### Information provided
--------------------------------------------------

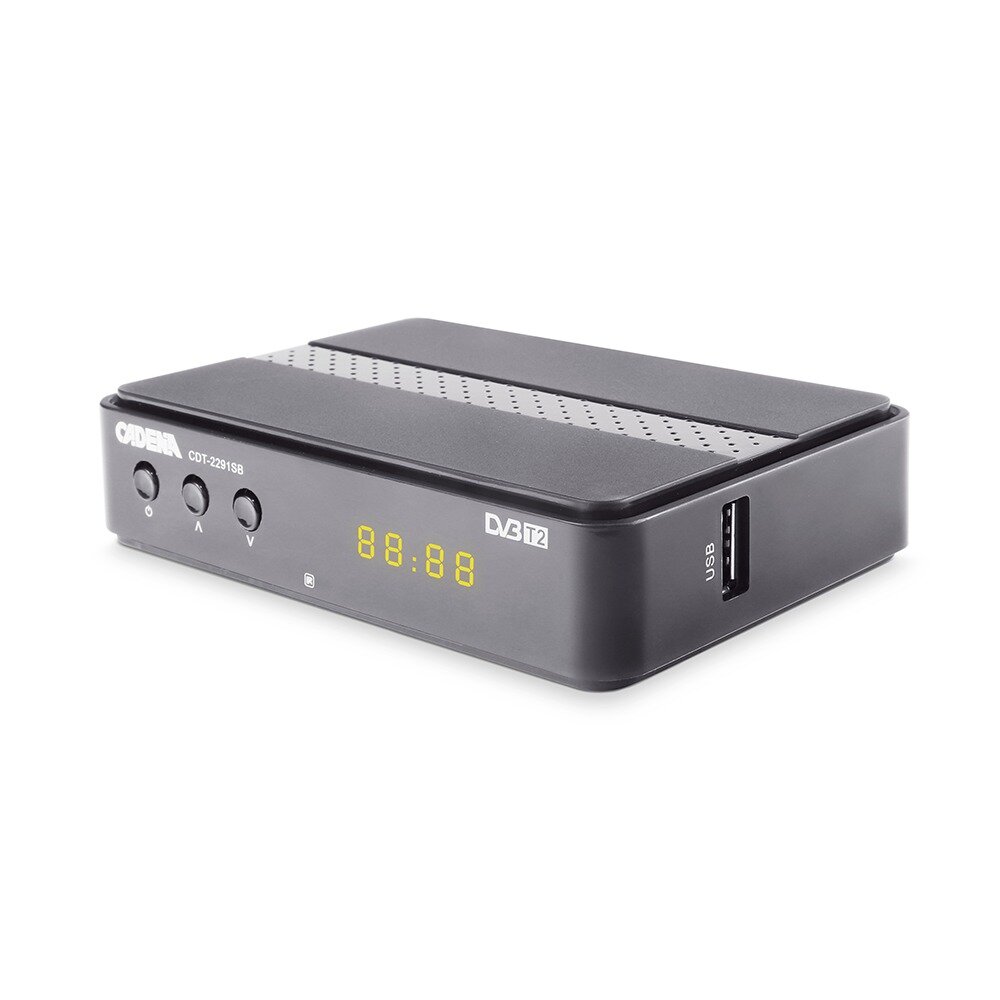 Цифровой ресивер DVB-T2 CADENA CDT-2291SB черный — фото 11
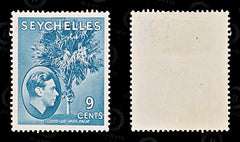8852: Seychelles SG138a 9c Grey blue 1941 Sc#131a Mint MLH C£38, view 2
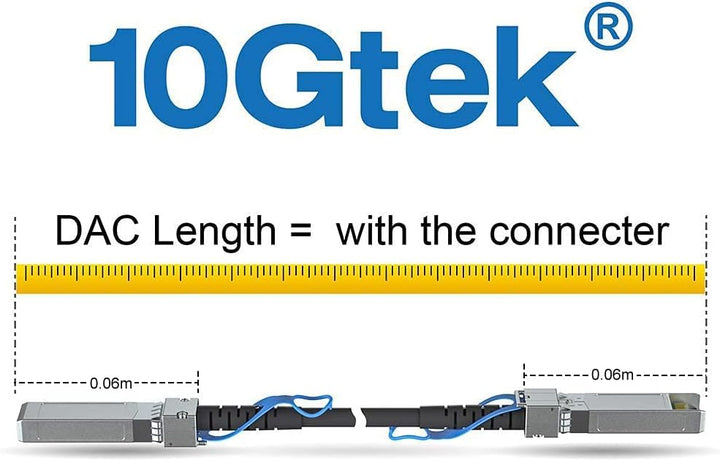 [Red] Colored 10G SFP+ DAC Cable - Twinax SFP Cable for Cisco SFP-H10GB-CU0.5M, Ubiquiti UniFi, D-Li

--------------------------------------------------

### Your objective
Nothing but the lines from the one that contains "8852: Seychelles SG138a" through the end of the material above is to be reproduced, exactly and without pictures.

### Solution to this exercise
8852: Seychelles SG138a 9c Grey blue 1941 Sc#131a Mint MLH C£38, view 2
 [Red] Colored 10G SFP+ DAC Cable - Twinax SFP Cable for Cisco SFP-H10GB-CU0.5M, Ubiquiti UniFi, D-Li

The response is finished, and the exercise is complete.